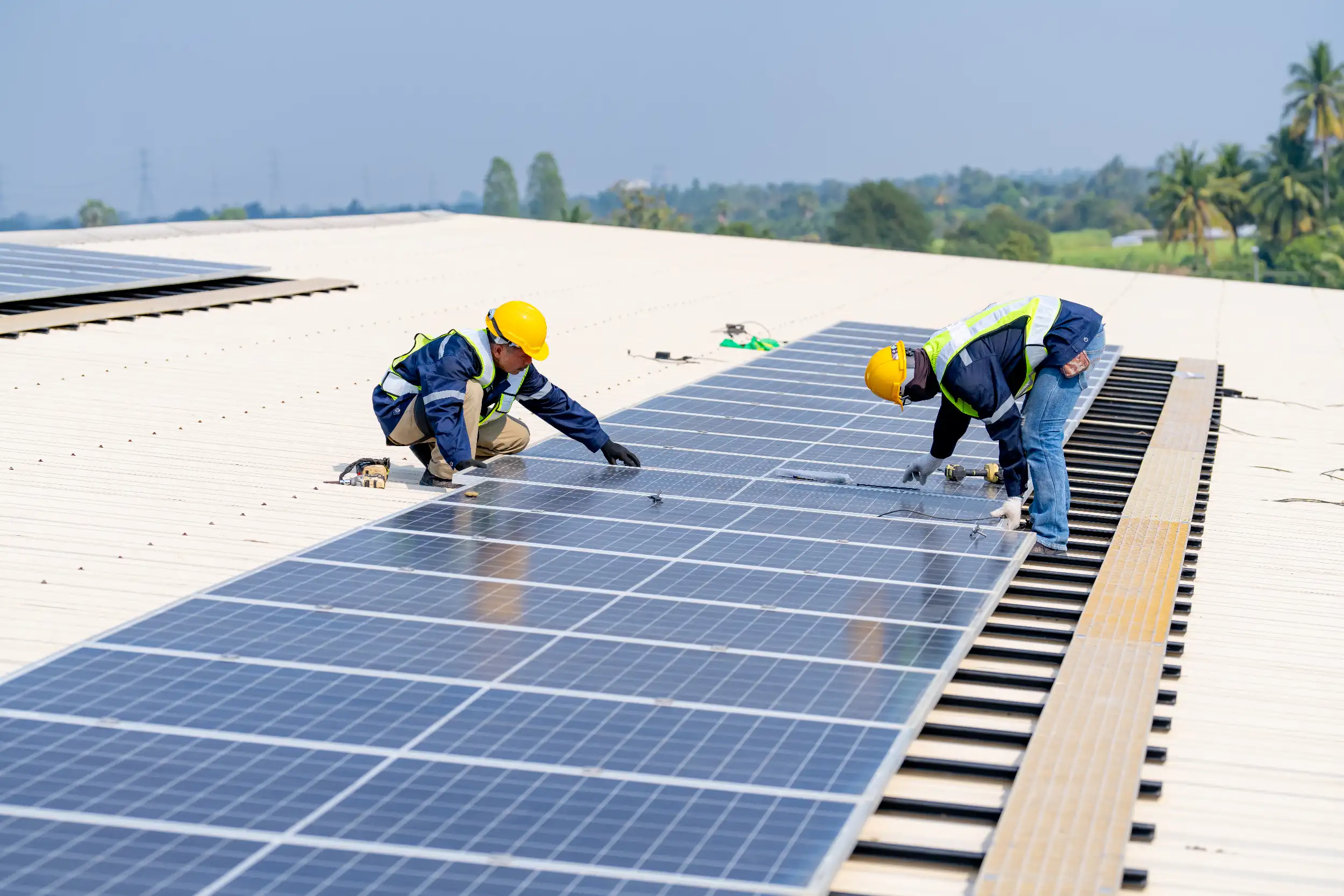 Solar technicians installing and aligning panels during a commercial solar project in Byfield.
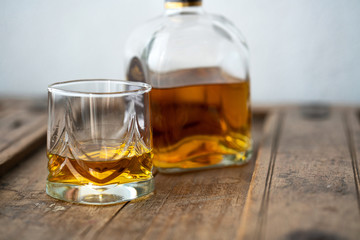 Glass and bottle of golden shimmering whisky on wooden table
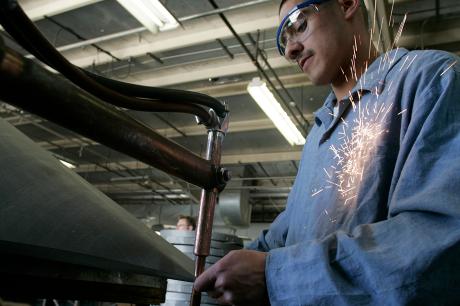 A man wearing safety glasses and a blue uniform works in a factory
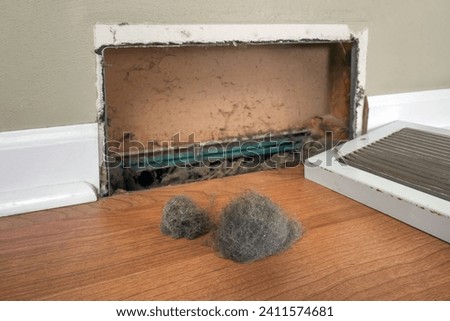 Dirty register wall vent with dust clogging the duct opening in a home Royalty-Free Stock Photo #2411574681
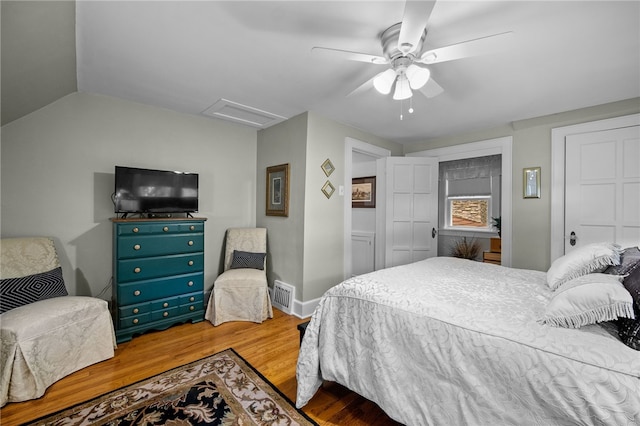 bedroom featuring lofted ceiling, visible vents, attic access, ceiling fan, and wood finished floors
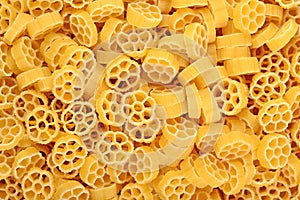 Uncooked italian pasta rotelle as background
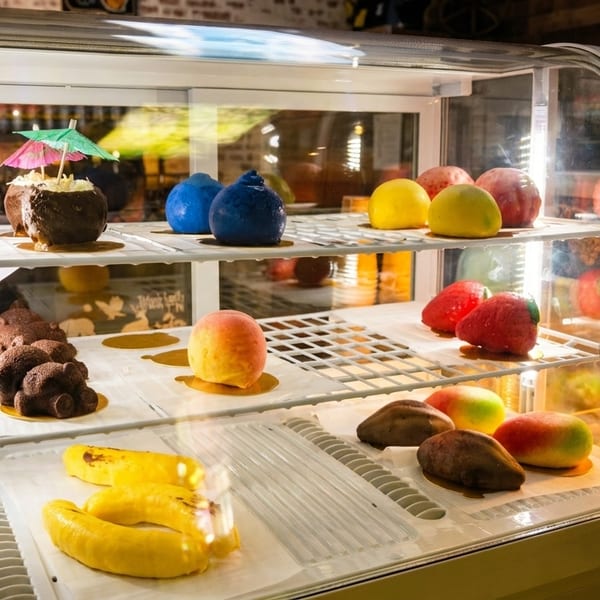 A display case filled with various colorful, fruit-shaped desserts, including chocolate-covered bananas and berries.
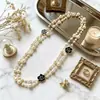 Colección Larga de Collares Superpuestos de Perlas Swarovski para Mujer, Estilo Lujo Ligero, Cadena Versátil para Suéter con un Toque de Alta Gama, Venta al por Mayor Otoño e Invierno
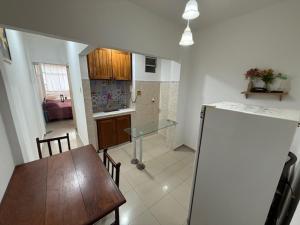 Kuchyň nebo kuchyňský kout v ubytování 1 Quarto até 4 Hospedes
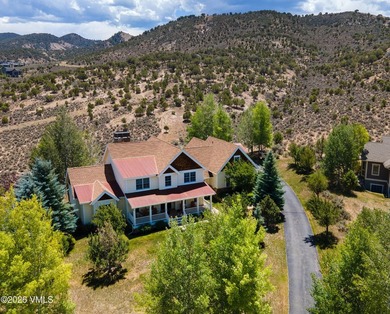 Positioned on arguably the finest lot in Eagle Ranch, this - photo 2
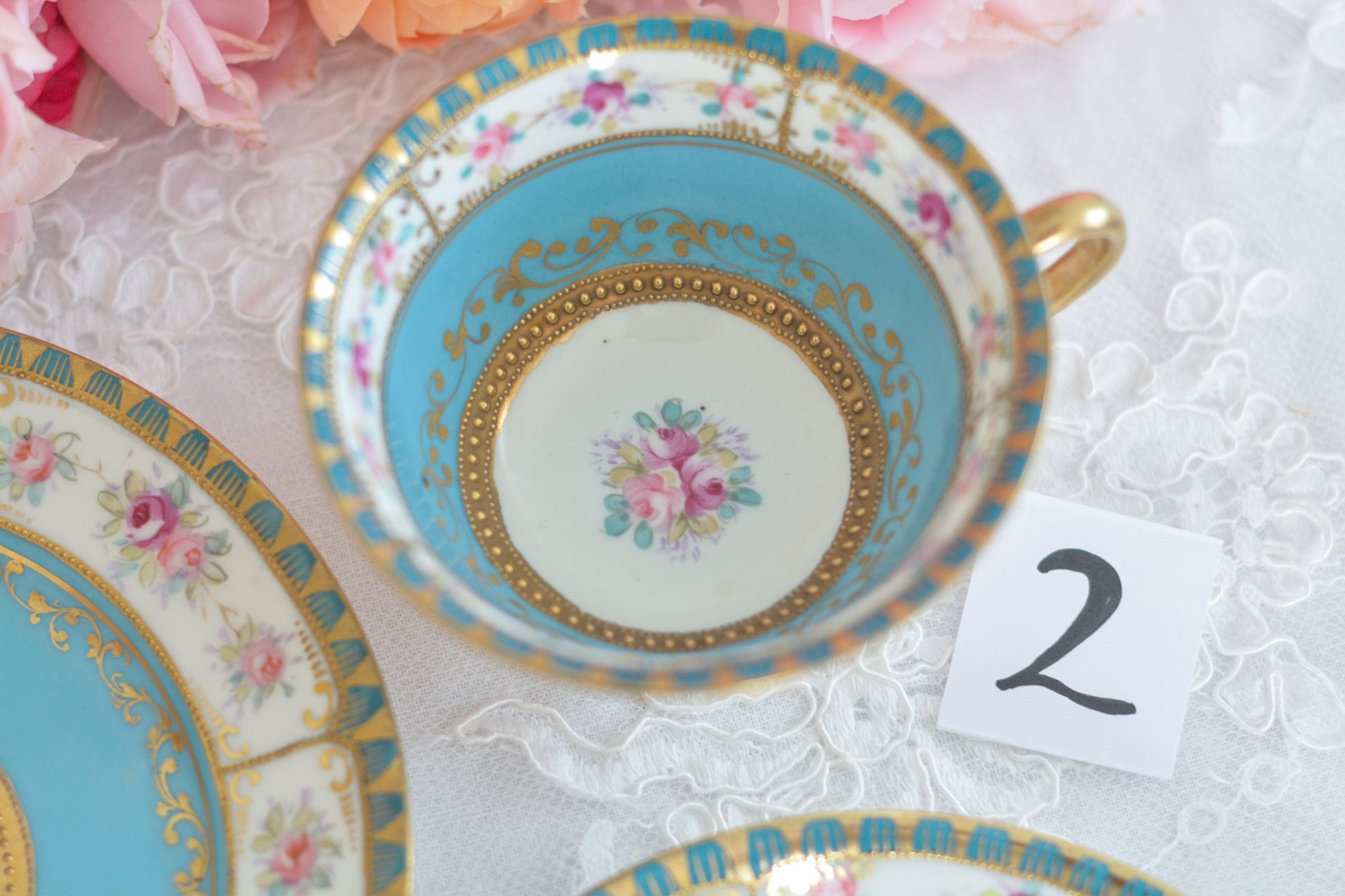 L&COという日本のメーカーのアンティーク里帰り品です。美しいターコイズブルーに金盛りの金彩、ハンドペイントで描かれた可憐なバラが上品なお品。1800年代後半頃からノリタケをはじめ日本からたくさんのメーカーが英国やアメリカに陶磁器を輸出していました。L&COは英国の老舗デパートリバティで販売されていたと言われています。キラキラしたティーセットがデパートに並べられている風景は、当時の人々の目と心を楽しませていたことでしょう。オールドニッポンの美しいティーカップでティータイムをお楽しみください。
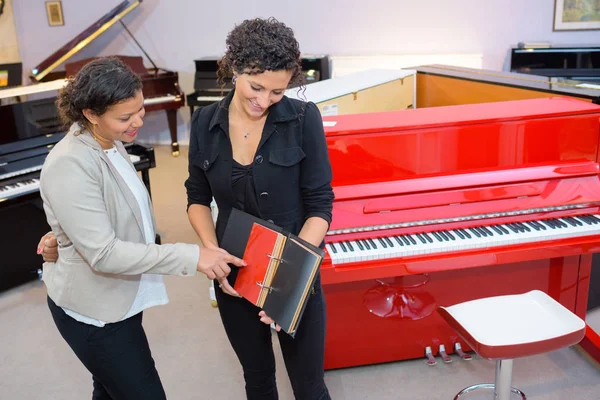 Mujeres comparando muestras de color para un piano —  Fotos de Stock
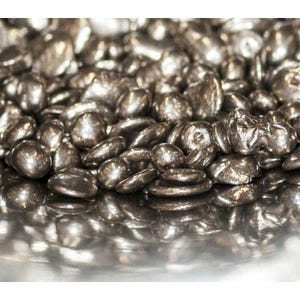 May include: Close-up of a pile of small, irregularly shaped, silver-colored metal pieces. The pieces have a reflective surface, and the lighting creates highlights and shadows, giving them a three-dimensional appearance. The overall effect is a textured, metallic display.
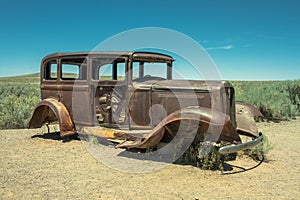 Abandoned Rusted antique car near painted desert on Route 66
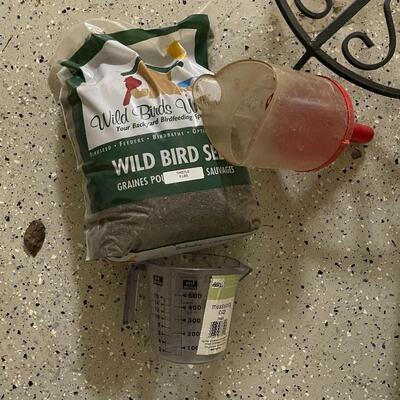 Lot 209 - Garden Decor and Bird Seed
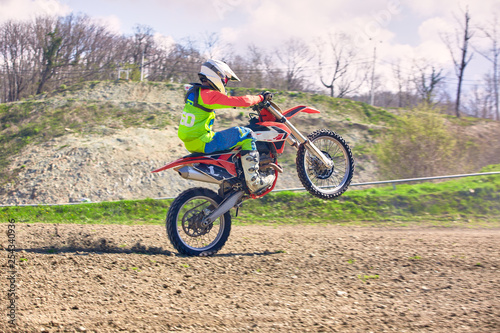 Fototapeta Naklejka Na Ścianę i Meble -  biker on motorcycle stunts while driving on the rear wheel side view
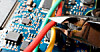 Wire cutters cutting a red wire over a circuit board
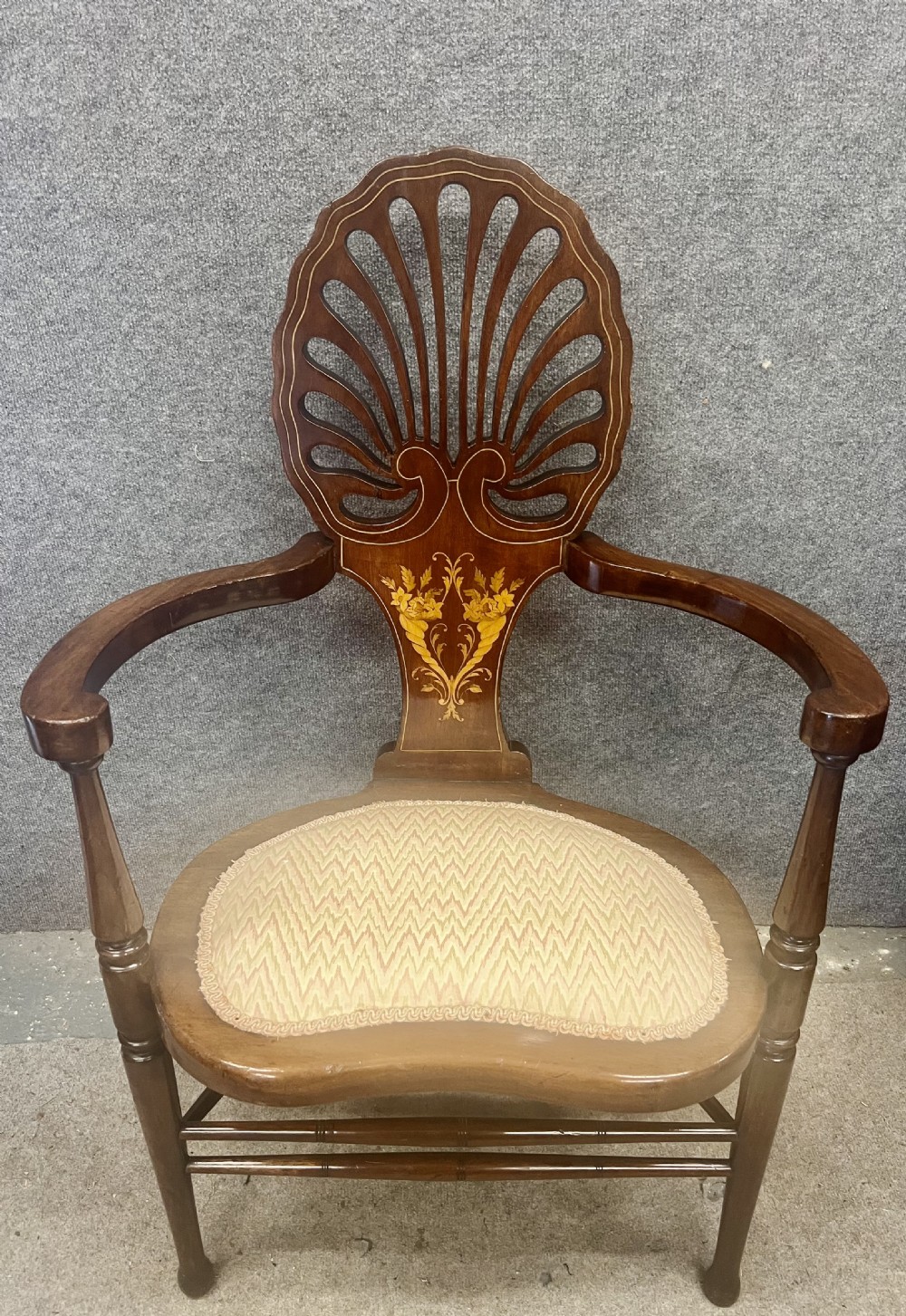 An Art Nouveau mahogany armchair featuring a carved pierced shell backrest, floral marquetry inlay, shaped armrests, and an upholstered seat pad.
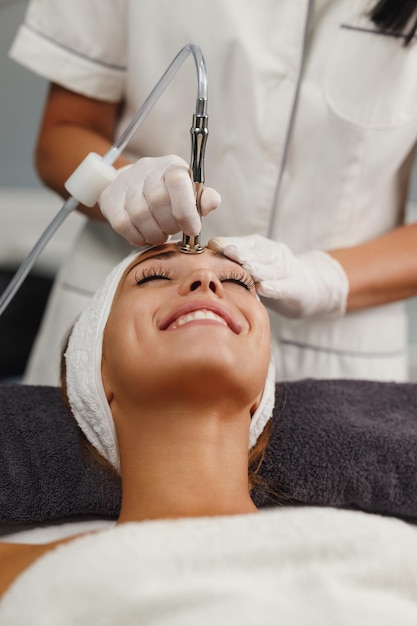 Una foto de una hermosa joven con un tratamiento facial en el salón de belleza.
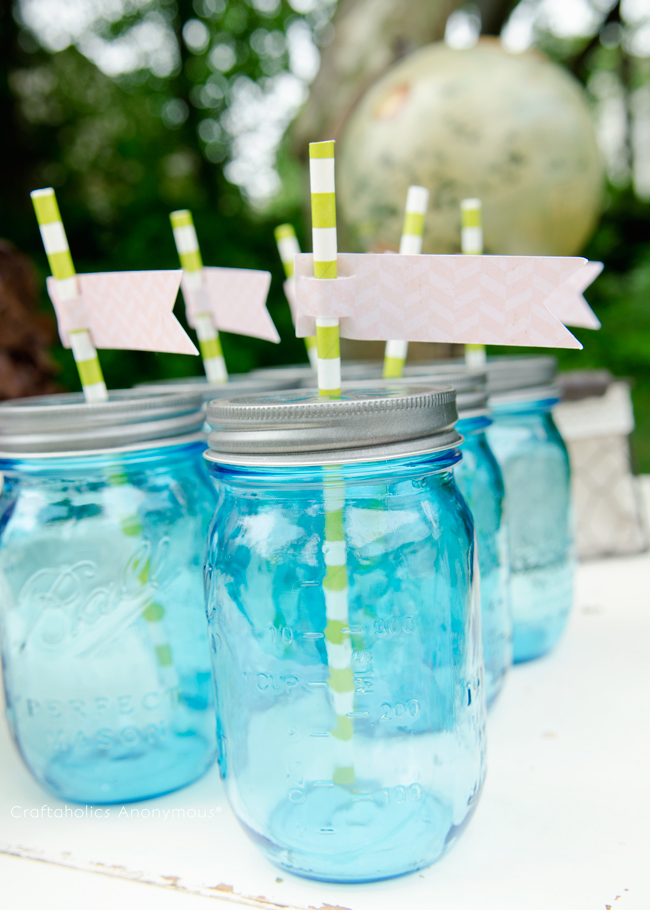 blue mason jar drinks with paper straws. Love the colors she used!
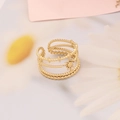 Detail of gold multi-layer ring with star and bead accents on soft fabric - Star & Bead Layered Design (10#)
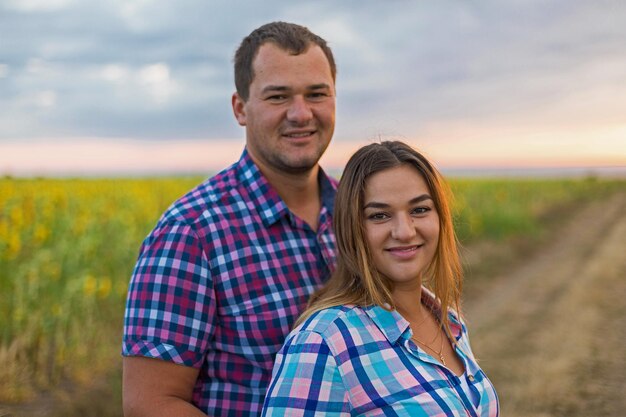 Young couple in a field of sunflowers pregnant girl in sunflowers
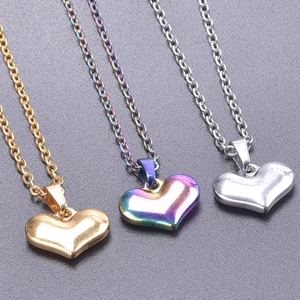 Detailed macro view of heart pendants in gold, silver, and rainbow 18k plated steel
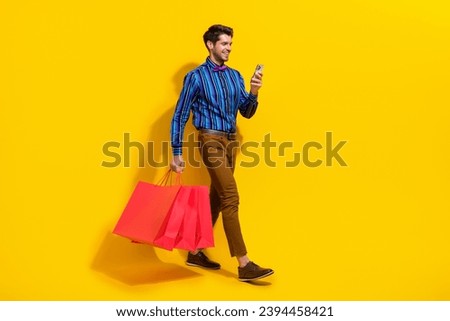 Full size photo of satisfied guy dressed striped shirt go with shopping bags look at smartphone isolated on yellow color background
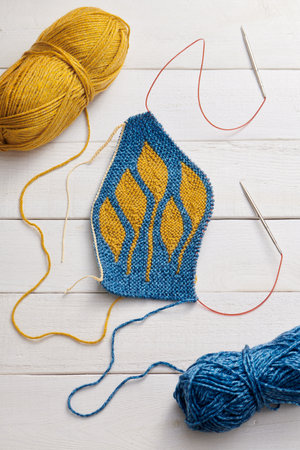 The process of knitting a hat with circular knitting needles using the short rows methodの写真素材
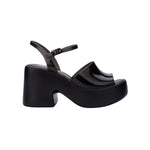 Black platform heels with black strap & buckle closure
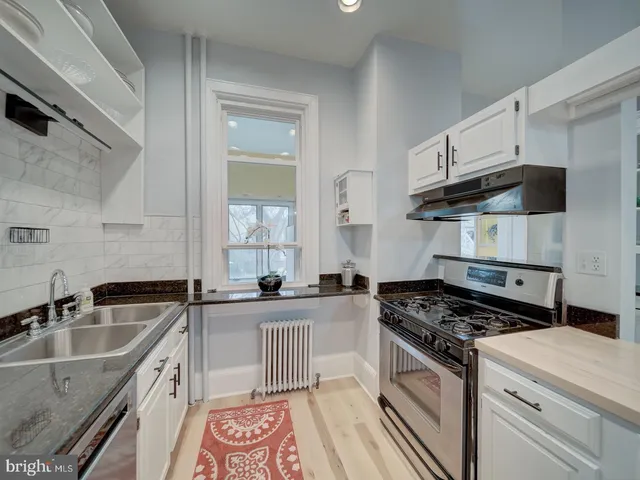 a bedroom with a bed and a lamp on dresser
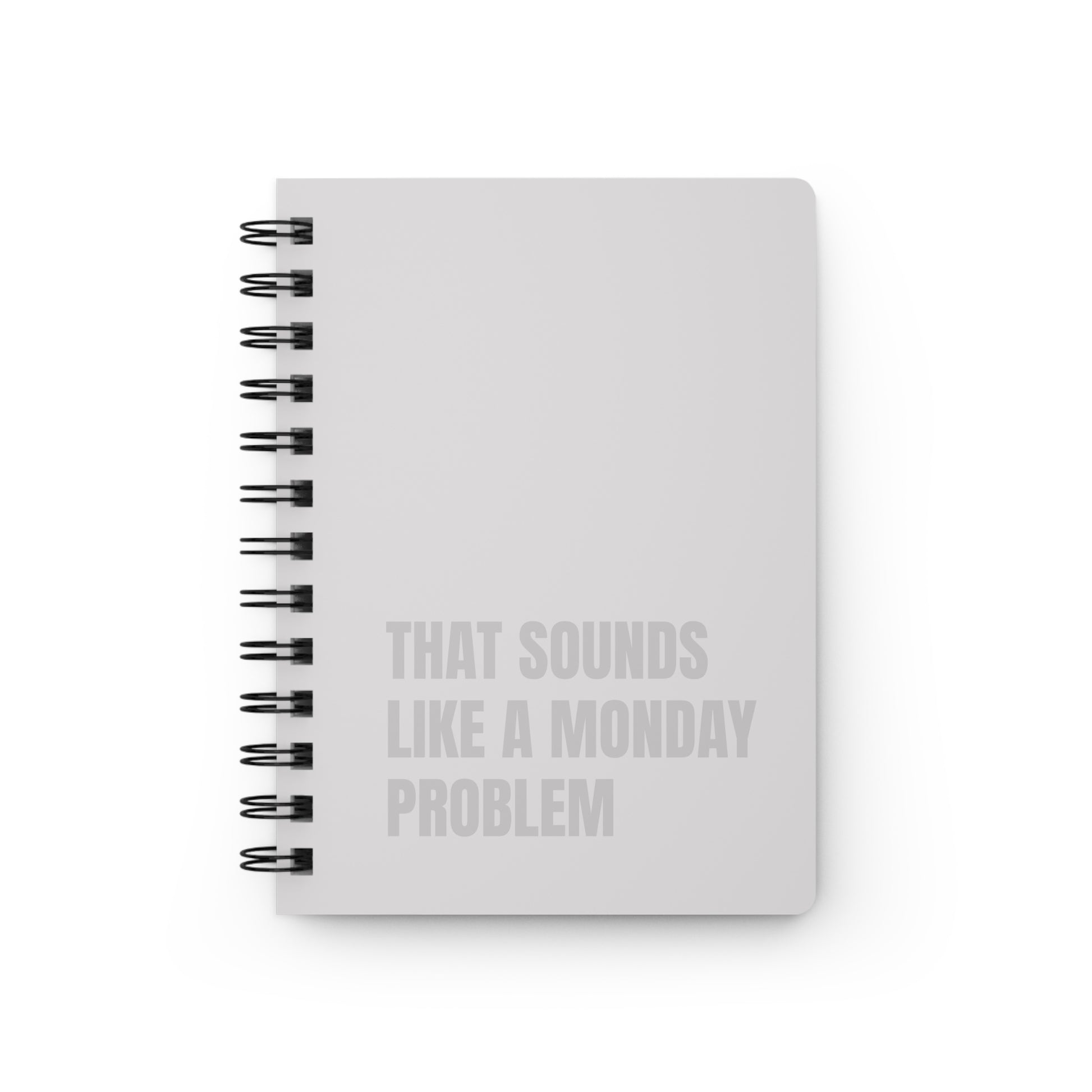 Beige notebook with text 'That sounds like a Monday problem' on a white background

● Exercise brief
Set down again, word for word, every line from the one with "L&COという日本のメーカー" to the one with "blue mason jar" in the entries above, and omit the pictures.

● Result of this task
 L&COという日本のメーカーのアンティーク里帰り品です。美しいターコイズブルーに金盛りの金彩、ハンドペイントで描かれた可憐なバラが上品なお品。1800年代後半頃からノリタケをはじめ日本からたくさんのメーカーが英国やアメリカに陶磁器を輸出していました。L&COは英国の老舗デパートリバティで販売されていたと言われています。キラキラしたティーセットがデパートに並べられている風景は、当時の人々の目と心を楽しませていたことでしょう。オールドニッポンの美しいティーカップでティータイムをお楽しみください。
 Mujeres comparando muestras de color para un piano —  Fotos de Stock
 May include: Close-up of a pile of small, irregularly shaped, silver-colored metal pieces. The pieces have a reflective surface, and the lighting creates highlights and shadows, giving them a three-dimensional appearance. The overall effect is a textured, metallic display.
 Abandoned Rusted antique car near painted desert on Route 66
 Lot 209 - Garden Decor and Bird Seed
 Fototapeta Naklejka Na Ścianę i Meble -  biker on motorcycle stunts while driving on the rear wheel side view
 Wire cutters cutting a red wire over a circuit board
 An Art Nouveau mahogany armchair featuring a carved pierced shell backrest, floral marquetry inlay, shaped armrests, and an upholstered seat pad.
 Una foto de una hermosa joven con un tratamiento facial en el salón de belleza.
 blue mason jar drinks with paper straws. Love the colors she used!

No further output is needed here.